● Directions for this task
Using the material below, print the line that contains "TAPISO Anti Rutsch", the line that contains "Julepynt hjerte m/fotoramme", and every line in between, exactly and nothing else.
::: Source data
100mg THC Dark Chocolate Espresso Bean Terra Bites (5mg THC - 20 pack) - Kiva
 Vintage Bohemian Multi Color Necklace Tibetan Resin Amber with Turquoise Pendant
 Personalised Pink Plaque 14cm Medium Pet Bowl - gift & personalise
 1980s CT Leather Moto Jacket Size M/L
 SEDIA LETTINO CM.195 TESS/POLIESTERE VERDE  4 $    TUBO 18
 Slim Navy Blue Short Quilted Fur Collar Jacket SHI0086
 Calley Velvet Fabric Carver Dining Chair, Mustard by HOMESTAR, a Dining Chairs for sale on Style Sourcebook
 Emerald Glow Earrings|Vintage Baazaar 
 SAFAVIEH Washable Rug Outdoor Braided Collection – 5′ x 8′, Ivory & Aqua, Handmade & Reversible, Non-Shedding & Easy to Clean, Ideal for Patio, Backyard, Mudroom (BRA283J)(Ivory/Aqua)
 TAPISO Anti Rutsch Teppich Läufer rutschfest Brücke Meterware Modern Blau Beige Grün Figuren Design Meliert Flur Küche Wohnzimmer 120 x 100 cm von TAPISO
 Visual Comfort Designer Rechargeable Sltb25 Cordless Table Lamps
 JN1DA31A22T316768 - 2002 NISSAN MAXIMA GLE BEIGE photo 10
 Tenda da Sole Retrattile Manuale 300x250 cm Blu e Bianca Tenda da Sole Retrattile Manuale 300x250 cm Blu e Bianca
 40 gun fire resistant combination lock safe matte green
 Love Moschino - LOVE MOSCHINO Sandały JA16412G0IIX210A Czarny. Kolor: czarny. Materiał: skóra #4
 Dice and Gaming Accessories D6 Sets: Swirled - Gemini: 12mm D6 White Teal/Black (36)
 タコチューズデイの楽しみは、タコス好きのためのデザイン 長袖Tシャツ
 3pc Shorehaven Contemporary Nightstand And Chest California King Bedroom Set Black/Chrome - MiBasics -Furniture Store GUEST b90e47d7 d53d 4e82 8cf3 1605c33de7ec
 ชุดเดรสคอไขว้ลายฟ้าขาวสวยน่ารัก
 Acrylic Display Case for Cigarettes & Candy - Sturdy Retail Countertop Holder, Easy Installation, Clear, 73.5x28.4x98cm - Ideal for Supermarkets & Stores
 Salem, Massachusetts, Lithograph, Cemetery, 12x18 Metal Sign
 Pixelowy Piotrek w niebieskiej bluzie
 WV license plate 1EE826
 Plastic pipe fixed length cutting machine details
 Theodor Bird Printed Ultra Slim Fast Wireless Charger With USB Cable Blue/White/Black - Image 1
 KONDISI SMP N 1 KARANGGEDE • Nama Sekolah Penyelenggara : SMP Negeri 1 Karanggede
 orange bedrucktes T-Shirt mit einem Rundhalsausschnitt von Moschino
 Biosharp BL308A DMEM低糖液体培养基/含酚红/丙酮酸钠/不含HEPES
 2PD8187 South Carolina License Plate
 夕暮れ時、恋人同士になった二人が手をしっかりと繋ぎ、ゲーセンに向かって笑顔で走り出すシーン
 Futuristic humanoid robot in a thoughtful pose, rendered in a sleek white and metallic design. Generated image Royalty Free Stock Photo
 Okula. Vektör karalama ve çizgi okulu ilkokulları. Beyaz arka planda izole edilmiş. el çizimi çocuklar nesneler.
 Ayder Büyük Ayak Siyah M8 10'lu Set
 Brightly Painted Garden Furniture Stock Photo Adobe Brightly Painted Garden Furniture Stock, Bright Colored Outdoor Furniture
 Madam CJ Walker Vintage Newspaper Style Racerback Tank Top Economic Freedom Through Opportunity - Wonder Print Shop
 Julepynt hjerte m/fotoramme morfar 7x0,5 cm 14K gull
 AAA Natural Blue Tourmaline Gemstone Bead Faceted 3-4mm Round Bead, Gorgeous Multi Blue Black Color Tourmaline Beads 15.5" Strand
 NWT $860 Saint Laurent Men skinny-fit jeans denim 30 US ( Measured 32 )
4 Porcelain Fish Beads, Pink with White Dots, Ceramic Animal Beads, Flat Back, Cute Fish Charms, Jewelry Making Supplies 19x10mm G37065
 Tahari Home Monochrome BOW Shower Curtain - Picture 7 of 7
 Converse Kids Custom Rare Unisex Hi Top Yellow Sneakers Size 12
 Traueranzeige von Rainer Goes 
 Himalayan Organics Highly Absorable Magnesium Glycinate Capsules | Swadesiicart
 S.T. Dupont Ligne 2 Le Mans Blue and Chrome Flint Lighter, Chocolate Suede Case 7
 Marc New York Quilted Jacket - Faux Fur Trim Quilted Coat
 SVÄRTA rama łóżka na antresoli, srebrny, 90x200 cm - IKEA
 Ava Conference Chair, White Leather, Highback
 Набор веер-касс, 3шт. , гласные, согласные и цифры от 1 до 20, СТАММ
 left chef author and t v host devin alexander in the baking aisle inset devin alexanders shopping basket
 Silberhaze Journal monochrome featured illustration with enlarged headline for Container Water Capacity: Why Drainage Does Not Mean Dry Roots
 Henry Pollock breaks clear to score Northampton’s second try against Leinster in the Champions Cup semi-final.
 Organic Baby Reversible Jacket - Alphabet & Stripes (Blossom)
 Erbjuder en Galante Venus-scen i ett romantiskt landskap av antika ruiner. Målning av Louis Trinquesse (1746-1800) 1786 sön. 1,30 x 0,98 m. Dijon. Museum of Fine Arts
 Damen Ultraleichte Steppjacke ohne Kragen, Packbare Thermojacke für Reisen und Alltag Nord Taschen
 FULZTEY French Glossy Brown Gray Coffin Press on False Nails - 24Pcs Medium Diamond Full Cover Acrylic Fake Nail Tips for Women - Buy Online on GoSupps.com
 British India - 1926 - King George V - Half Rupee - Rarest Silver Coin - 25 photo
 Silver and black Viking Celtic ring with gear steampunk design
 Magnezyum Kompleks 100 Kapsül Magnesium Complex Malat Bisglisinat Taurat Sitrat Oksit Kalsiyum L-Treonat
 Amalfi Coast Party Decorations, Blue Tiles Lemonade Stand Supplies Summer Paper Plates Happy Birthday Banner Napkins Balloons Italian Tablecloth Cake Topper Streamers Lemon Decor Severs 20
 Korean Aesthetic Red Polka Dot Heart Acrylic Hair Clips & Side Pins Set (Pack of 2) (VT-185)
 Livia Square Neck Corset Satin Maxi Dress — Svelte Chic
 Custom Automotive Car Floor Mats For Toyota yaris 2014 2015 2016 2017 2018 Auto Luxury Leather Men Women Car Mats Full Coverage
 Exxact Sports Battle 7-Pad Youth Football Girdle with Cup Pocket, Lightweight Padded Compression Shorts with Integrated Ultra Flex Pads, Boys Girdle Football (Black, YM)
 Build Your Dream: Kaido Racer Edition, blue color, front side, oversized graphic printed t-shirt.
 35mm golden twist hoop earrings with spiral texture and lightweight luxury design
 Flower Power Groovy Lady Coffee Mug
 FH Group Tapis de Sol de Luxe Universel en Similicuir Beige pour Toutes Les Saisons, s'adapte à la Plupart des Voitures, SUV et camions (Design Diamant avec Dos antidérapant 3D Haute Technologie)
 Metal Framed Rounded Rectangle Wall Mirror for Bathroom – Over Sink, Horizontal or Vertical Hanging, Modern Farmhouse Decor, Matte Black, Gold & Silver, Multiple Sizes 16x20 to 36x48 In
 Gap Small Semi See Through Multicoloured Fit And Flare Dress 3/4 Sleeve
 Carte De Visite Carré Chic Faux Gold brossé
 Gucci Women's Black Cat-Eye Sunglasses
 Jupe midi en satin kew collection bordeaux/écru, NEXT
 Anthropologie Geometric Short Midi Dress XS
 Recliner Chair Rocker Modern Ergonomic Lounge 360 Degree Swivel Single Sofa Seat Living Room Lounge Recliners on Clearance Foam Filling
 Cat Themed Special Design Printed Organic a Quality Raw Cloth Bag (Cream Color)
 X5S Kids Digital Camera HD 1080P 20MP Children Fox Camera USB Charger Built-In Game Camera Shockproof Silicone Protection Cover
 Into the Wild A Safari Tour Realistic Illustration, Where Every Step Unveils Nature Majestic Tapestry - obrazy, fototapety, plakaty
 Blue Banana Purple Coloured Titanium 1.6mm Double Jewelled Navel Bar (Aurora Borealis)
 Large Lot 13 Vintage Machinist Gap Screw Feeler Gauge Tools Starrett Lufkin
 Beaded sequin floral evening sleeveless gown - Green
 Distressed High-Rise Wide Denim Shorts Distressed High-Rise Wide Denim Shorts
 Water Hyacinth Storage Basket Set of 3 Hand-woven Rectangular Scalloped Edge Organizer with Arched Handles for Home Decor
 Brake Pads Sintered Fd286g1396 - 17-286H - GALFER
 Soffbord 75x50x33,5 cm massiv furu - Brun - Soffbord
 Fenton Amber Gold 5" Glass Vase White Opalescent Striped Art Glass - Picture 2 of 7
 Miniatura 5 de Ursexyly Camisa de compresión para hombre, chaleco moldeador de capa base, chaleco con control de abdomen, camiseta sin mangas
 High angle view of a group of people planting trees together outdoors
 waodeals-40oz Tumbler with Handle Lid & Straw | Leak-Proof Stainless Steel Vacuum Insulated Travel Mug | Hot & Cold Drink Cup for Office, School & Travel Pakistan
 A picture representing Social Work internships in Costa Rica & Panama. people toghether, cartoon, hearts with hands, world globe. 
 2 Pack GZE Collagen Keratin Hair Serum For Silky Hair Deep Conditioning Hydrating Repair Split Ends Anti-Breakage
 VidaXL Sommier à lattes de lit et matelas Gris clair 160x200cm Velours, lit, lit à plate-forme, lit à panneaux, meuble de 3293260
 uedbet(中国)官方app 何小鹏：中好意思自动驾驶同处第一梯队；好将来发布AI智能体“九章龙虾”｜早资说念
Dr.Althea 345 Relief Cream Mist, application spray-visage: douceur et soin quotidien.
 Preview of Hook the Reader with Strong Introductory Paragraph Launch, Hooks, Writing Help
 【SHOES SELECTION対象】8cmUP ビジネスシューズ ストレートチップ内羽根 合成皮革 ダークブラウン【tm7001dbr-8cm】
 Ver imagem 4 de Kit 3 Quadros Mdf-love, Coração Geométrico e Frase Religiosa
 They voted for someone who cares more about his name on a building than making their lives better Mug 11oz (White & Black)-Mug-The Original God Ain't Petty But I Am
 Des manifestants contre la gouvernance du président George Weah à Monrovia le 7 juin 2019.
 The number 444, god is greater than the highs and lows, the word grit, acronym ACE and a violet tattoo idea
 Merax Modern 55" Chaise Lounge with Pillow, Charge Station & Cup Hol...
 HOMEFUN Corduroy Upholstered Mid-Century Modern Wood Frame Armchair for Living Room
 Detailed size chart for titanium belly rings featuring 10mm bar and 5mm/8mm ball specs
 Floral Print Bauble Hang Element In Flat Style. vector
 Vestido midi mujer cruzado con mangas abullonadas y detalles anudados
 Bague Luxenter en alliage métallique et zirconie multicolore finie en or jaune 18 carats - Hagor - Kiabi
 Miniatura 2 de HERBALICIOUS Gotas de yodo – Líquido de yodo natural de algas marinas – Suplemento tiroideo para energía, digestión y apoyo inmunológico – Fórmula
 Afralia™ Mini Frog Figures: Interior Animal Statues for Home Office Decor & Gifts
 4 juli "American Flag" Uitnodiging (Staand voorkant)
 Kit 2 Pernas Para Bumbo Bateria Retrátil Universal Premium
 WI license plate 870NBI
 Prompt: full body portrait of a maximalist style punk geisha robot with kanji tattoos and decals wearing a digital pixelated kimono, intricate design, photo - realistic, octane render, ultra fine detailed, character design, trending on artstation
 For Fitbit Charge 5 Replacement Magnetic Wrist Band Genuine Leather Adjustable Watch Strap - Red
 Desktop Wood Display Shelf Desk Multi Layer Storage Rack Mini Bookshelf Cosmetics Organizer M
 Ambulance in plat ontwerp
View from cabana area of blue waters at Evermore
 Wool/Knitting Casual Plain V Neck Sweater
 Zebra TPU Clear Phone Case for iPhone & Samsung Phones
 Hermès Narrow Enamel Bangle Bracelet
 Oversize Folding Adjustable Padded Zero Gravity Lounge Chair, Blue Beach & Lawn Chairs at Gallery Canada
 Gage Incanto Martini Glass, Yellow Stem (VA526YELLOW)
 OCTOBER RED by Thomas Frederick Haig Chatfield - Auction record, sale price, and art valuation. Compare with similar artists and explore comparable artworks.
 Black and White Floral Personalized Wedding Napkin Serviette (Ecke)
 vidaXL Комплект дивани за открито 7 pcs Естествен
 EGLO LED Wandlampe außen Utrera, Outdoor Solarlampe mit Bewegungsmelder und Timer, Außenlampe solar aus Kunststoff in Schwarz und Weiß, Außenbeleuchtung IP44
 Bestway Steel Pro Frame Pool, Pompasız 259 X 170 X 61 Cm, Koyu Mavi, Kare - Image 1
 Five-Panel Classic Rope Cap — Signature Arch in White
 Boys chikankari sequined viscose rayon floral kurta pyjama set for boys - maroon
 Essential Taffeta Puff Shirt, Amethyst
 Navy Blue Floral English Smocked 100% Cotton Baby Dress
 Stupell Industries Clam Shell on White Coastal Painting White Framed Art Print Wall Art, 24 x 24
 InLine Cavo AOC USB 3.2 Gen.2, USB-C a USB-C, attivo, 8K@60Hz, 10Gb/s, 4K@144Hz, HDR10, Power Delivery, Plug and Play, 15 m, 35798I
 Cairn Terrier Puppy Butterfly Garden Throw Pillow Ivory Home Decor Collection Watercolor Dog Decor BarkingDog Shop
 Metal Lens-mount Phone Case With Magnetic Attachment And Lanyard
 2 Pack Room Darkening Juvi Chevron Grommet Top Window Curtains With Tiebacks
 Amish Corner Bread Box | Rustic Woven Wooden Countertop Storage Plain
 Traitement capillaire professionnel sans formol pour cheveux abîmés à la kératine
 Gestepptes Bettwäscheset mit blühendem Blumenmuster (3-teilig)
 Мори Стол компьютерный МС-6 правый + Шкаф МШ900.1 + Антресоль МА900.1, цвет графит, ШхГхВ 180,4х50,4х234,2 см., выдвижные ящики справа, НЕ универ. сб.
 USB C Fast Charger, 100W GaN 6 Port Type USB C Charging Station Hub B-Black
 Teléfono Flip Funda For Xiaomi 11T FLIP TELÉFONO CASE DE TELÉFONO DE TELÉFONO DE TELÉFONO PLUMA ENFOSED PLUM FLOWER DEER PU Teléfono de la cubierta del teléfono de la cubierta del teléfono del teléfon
::::::
● Result below
 TAPISO Anti Rutsch Teppich Läufer rutschfest Brücke Meterware Modern Blau Beige Grün Figuren Design Meliert Flur Küche Wohnzimmer 120 x 100 cm von TAPISO
 Visual Comfort Designer Rechargeable Sltb25 Cordless Table Lamps
 JN1DA31A22T316768 - 2002 NISSAN MAXIMA GLE BEIGE photo 10
 Tenda da Sole Retrattile Manuale 300x250 cm Blu e Bianca Tenda da Sole Retrattile Manuale 300x250 cm Blu e Bianca
 40 gun fire resistant combination lock safe matte green
 Love Moschino - LOVE MOSCHINO Sandały JA16412G0IIX210A Czarny. Kolor: czarny. Materiał: skóra #4
 Dice and Gaming Accessories D6 Sets: Swirled - Gemini: 12mm D6 White Teal/Black (36)
 タコチューズデイの楽しみは、タコス好きのためのデザイン 長袖Tシャツ
 3pc Shorehaven Contemporary Nightstand And Chest California King Bedroom Set Black/Chrome - MiBasics -Furniture Store GUEST b90e47d7 d53d 4e82 8cf3 1605c33de7ec
 ชุดเดรสคอไขว้ลายฟ้าขาวสวยน่ารัก
 Acrylic Display Case for Cigarettes & Candy - Sturdy Retail Countertop Holder, Easy Installation, Clear, 73.5x28.4x98cm - Ideal for Supermarkets & Stores
 Salem, Massachusetts, Lithograph, Cemetery, 12x18 Metal Sign
 Pixelowy Piotrek w niebieskiej bluzie
 WV license plate 1EE826
 Plastic pipe fixed length cutting machine details
 Theodor Bird Printed Ultra Slim Fast Wireless Charger With USB Cable Blue/White/Black - Image 1
 KONDISI SMP N 1 KARANGGEDE • Nama Sekolah Penyelenggara : SMP Negeri 1 Karanggede
 orange bedrucktes T-Shirt mit einem Rundhalsausschnitt von Moschino
 Biosharp BL308A DMEM低糖液体培养基/含酚红/丙酮酸钠/不含HEPES
 2PD8187 South Carolina License Plate
 夕暮れ時、恋人同士になった二人が手をしっかりと繋ぎ、ゲーセンに向かって笑顔で走り出すシーン
 Futuristic humanoid robot in a thoughtful pose, rendered in a sleek white and metallic design. Generated image Royalty Free Stock Photo
 Okula. Vektör karalama ve çizgi okulu ilkokulları. Beyaz arka planda izole edilmiş. el çizimi çocuklar nesneler.
 Ayder Büyük Ayak Siyah M8 10'lu Set
 Brightly Painted Garden Furniture Stock Photo Adobe Brightly Painted Garden Furniture Stock, Bright Colored Outdoor Furniture
 Madam CJ Walker Vintage Newspaper Style Racerback Tank Top Economic Freedom Through Opportunity - Wonder Print Shop
 Julepynt hjerte m/fotoramme morfar 7x0,5 cm 14K gull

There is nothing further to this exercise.